Offshore
HSBC Private Bank Confirms Data Theft In Switzerland
HSBC Private Bank (Suisse) has confirmed that one of its former employees stole data which, according to reports, contains details on the accounts of alleged French tax evaders and is being used by the French government in its attempts to prise open the Alpine state’s famed banking secrecy practices.
Back in August, the French government said it had a list of some 3,000 of its citizens which it alleges have hidden assets in Switzerland, but it would seem that the data stolen from HSBC Private Bank’s Geneva branch would comprise only a very small part of such a list. “To the best of the bank’s knowledge, the number of names potentially involved is less than 10,” HSBC Private Bank said in a statement.
HSBC Private Bank said that the former employee, who worked in its IT-development group, was found to have stolen data between end of 2006 and early 2007. While a criminal enquiry by the Swiss authorities into the theft is ongoing, it is thought that the individual is now living in France under judicial protection.
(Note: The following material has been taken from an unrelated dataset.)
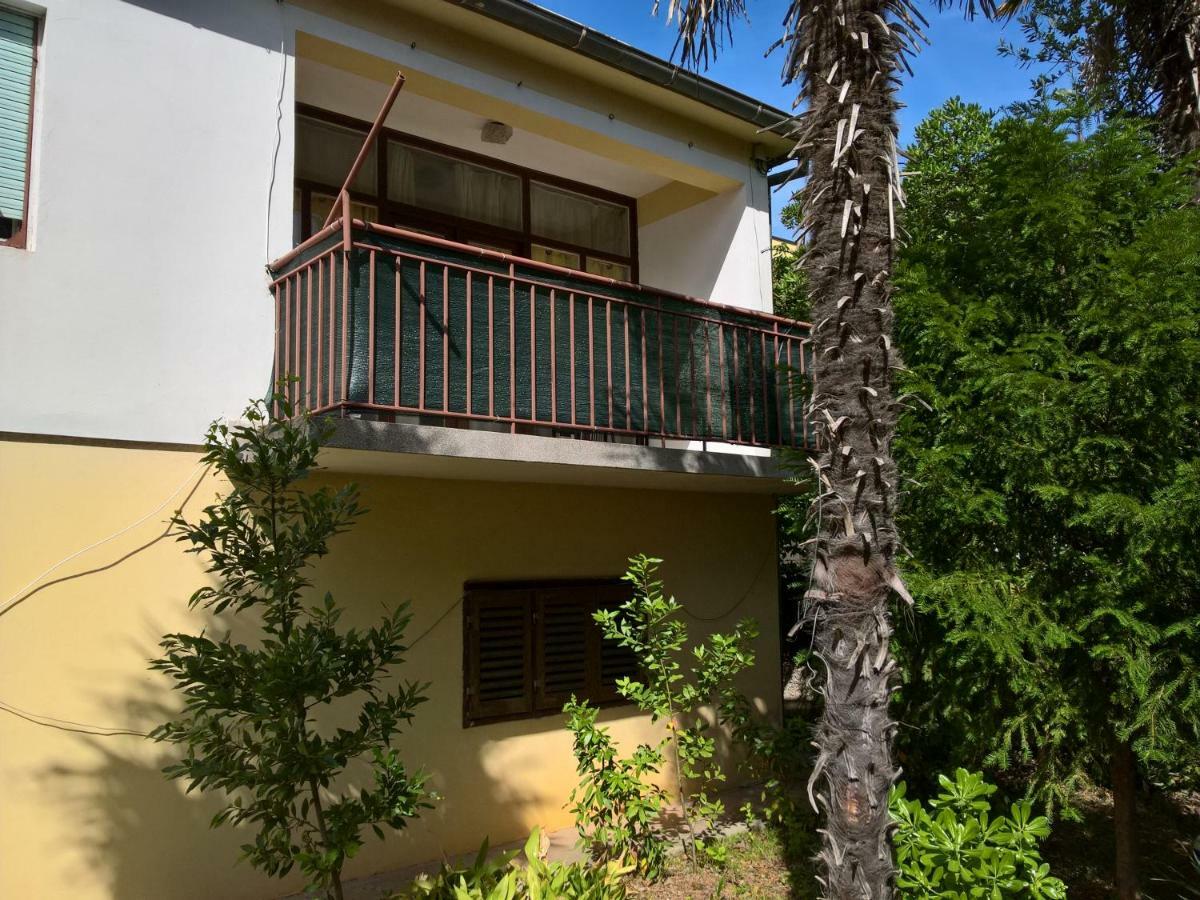 Hotel Old Agava Zadar Zewnętrze zdjęcie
The Swiss take its banking secrecy laws very seriously and a banker who reveals client information without due cause can face a harsh fine, or even a prison term.
As governments struggle with spiralling debt in the wake of the financial crisis it would seem they are finding it easy to overcome any squeamishness over using using stolen data – and at least two are thought to have paid for such information to assist their efforts to claw back lost tax revenues.
At the end of last year reports emerged that both the UK and German tax authorities had bought bank records of a large number of individuals holding bank accounts at the LGT Bank in Liechtenstein.
The data was reportedly purchased from an ex-employee of the bank who had previously tried to use it to blackmail the Liechtenstein government.